▸ Source data:

=== Section Start ===

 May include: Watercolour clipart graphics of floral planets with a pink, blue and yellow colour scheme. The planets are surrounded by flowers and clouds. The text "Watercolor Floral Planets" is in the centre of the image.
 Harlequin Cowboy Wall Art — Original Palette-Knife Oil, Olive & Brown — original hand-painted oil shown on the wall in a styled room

=== Section End ===
=== Section Start ===

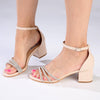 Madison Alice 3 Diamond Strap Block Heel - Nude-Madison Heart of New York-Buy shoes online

=== Section End ===
=== Section Start ===

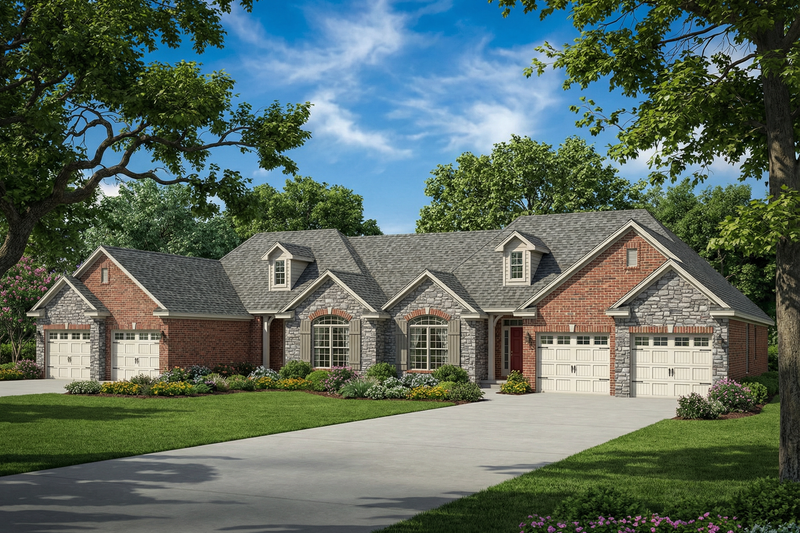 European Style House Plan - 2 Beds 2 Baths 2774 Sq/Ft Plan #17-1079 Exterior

=== Section End ===

▸ Exercise objective:
In the listing above, locate the line containing "May include: Watercolour" and the line containing "Harlequin Cowboy Wall". Extract those two lines and every line between them, exactly as written, and only those.

▸ Result:
 May include: Watercolour clipart graphics of floral planets with a pink, blue and yellow colour scheme. The planets are surrounded by flowers and clouds. The text "Watercolor Floral Planets" is in the centre of the image.
 Harlequin Cowboy Wall Art — Original Palette-Knife Oil, Olive & Brown — original hand-painted oil shown on the wall in a styled room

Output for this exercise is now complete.